The judge said: “Putting it bluntly, I am entirely satisfied that the Recorder was taken in by the respondents”. He observed:

  1. The respondents' case was “so clouded by a miasma of lies that there was no evidence to support the Recorder's conclusion that they, with their children, had decided to move in with the first respondent's mother for wholly altruistic reasons. Indeed, on their case, they had never moved in at all.”
  2. If the real reason for moving in were to look after the first respondent's brother, they could have done this without, at the same time, renting out their flat for profit to the sub-tenants.
  3. It was but a short walk from the flat to the first respondent's home, “a fact which further undermines the conclusion that it was necessary for the whole family to decamp completely to allow the first defendant access to attend to her brother when needed.”

Mr Justice Turner continued: “The fact that the Recorder exercised his discretion on a demonstrably flawed basis means that this Court must exercise that discretion afresh.
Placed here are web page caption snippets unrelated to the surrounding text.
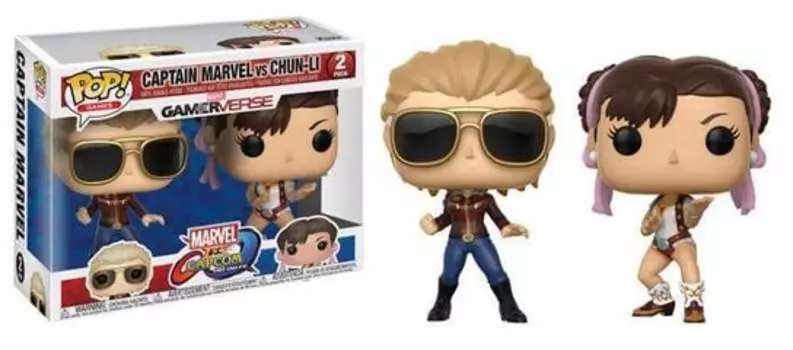 Funko POP! Игры, коллекционная фигурка, Капитан Марвел против. Чун-Ли, 2 упаковки.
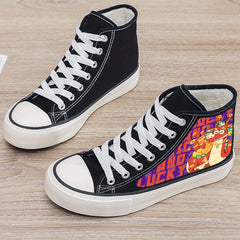 Dragon Print Plush Lined Thermal Chunky Canvas Sneakers Flat Heighten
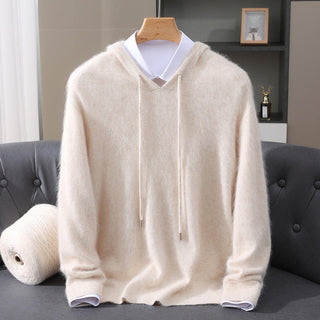 Men's Hooded Knit Pullover Sweater in cream, Structured Hood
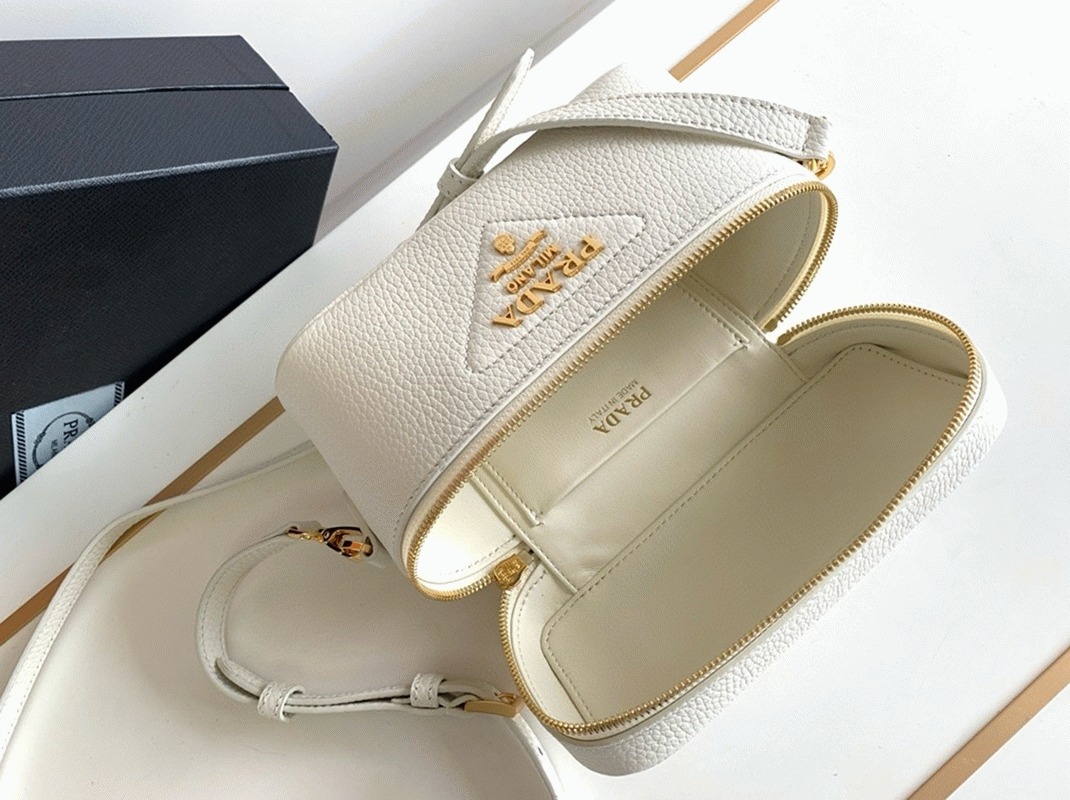 Prada Mini Vanity Bag Knockoff in White angle 2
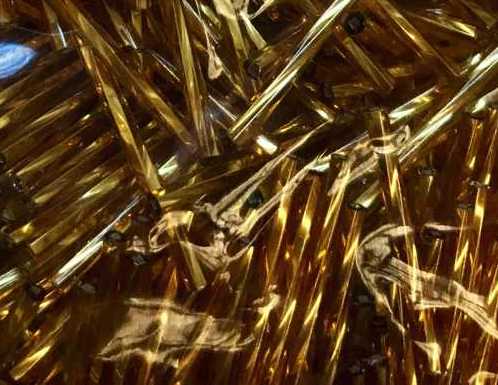 Bugle Beads, 25mm, Gold Twisted, 25 grams  Czech Glass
“In doing so, notwithstanding the passage of time since the hearing before the Recorder, I am entirely satisfied that it would be wrong to exercise my discretion to suspend the possession order in this case. In particular, the sheer scale and persistence of the respondent's initial fraudulent deceit aggravated by further and subsequent drug related offending wholly justifies the condign consequences of an outright order.”

The judge said he would also “stress that it is not compassionate to allow profiteering fraudsters indefinitely to continue to occupy premises and thereby exclude from such accommodation more needy and deserving families. In particular, in this case, there was a complete dearth of material which could amount to cogent evidence that the respondents would mend their ways in future. Accordingly, possession will be granted to take effect in 21 days from the date of this judgment.”

In relation to the UPO, Mr Justice Turner said the Recorder was wrong to conclude that the maximum amount payable was zero and, in the absence of any material upon which he would be minded to reduce the amount payable, he awarded the sum of £1,550.